Concurrency & dashboards

ClickHouse is built to serve thousands of concurrent dashboard queries off the same nodes. The thread-per-query plus shared filesystem cache makes each marginal user nearly free until you saturate CPU.

BigQuery's slot model means every concurrent query takes some of your slot budget. On-demand pricing has no fixed concurrency limit but each query competes for shared Google capacity, producing variable latency. Flat-rate slot reservations give predictable concurrency at the cost of paying for idle slots.

The classic pattern: BigQuery for the data lake / nightly aggregations, ClickHouse downstream for the user-facing dashboards. ETL into BQ once, replicate aggregated tiers into CH for serving.

Tradeoffs

+ ClickHouse: lower latency, real-time inserts, predictable cost.
+ BigQuery: zero ops, infinite burst capacity, Google ML and IAM stack.
− ClickHouse: you operate Keeper, replicas, mergers, retention.
− BigQuery: per-TB scanning surprises, GCP lock-in, slow dashboards.

Migration patterns

Most BigQuery → ClickHouse migrations fall into one of three shapes:

Lift-and-shift. Recreate schemas in ClickHouse, dump as Parquet, ingest via the s3() table function. Hard parts: GoogleSQL-specific syntax (STRUCT, ARRAY_AGG) and BigQuery UDFs (JavaScript) that need rewriting in ClickHouse SQL.
Tiered. Keep BigQuery as the source of truth for ad-hoc/ETL; replicate hot recent data into ClickHouse for sub-second user-facing queries. Common when BigQuery is the canonical warehouse and CH is the serving layer.
Greenfield. Write new pipelines directly to ClickHouse (Kafka engine, native HTTP), keeping BigQuery only for whatever specific GCP integrations require it.

FAQ

Can I use BigQuery as a backend for a low-latency app?

Not directly. The 1–3s baseline kills interactive UX. Use BI Engine (in-memory cache) or replicate into a faster store. ClickHouse is engineered for this directly.

Does ClickHouse support compute-storage separation?

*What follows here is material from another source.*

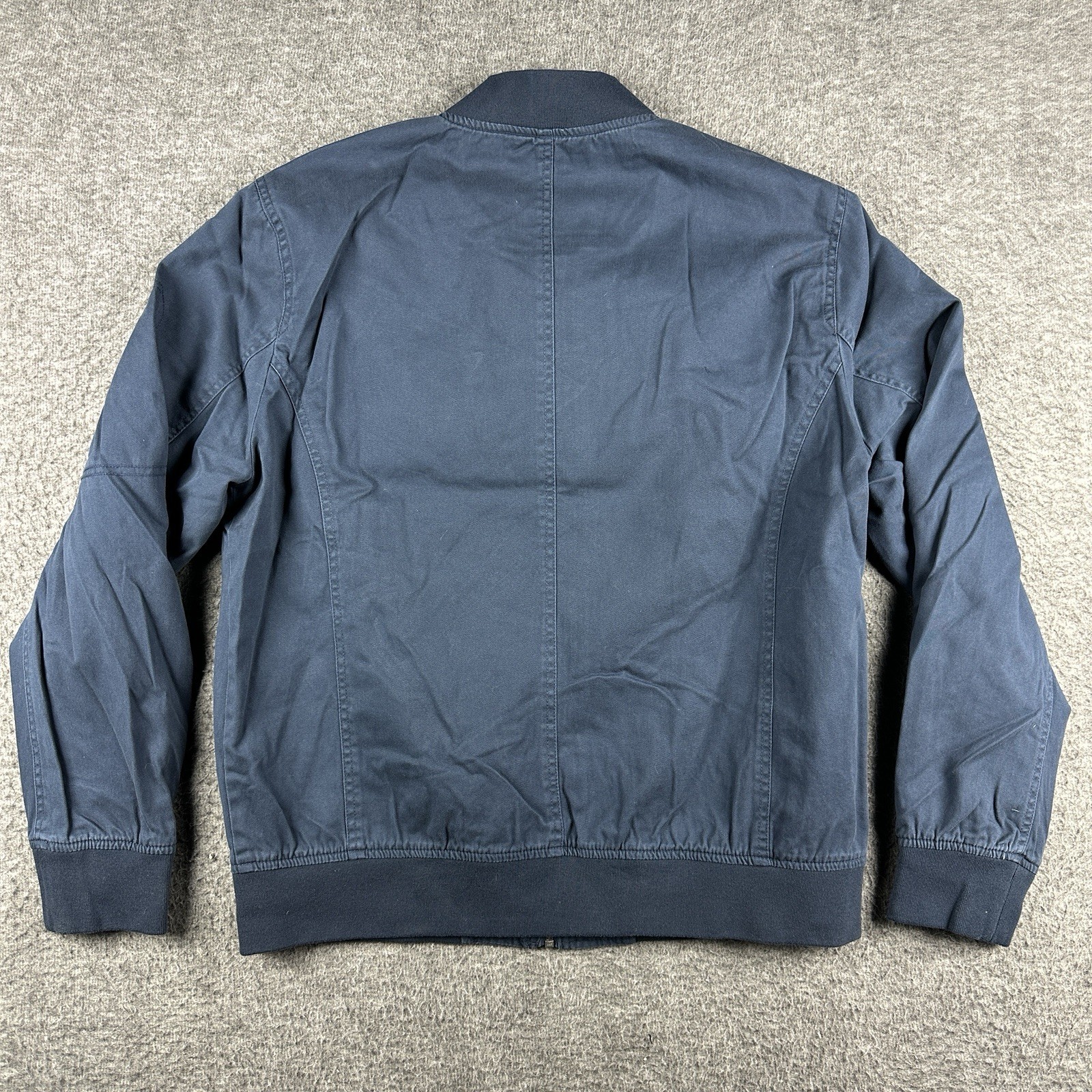 Lucky Brand Mens LARGE Full Zip Bomber Jacket Blue – NEW Coat 5 Pockets Cotton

Yes since 24.x — S3 disk + zero-copy replication. Not as automatic as BigQuery slots, but it eliminates the "must scale storage with compute" problem.

Which has better SQL?

BigQuery's GoogleSQL is closer to ANSI; ClickHouse has dialect quirks but more analytical functions and the entire *State / *Merge aggregate-state model.

What about cost at petabyte scale?

For steady workloads, ClickHouse on dedicated hardware is typically 3–10× cheaper than BigQuery flat-rate. For sporadic queries, BigQuery on-demand often wins.

How do I migrate?

Most schemas port directly. The hard parts: GoogleSQL specifics (STRUCT, ARRAY_AGG), streaming ingestion rewrite, and BigQuery-specific UDFs.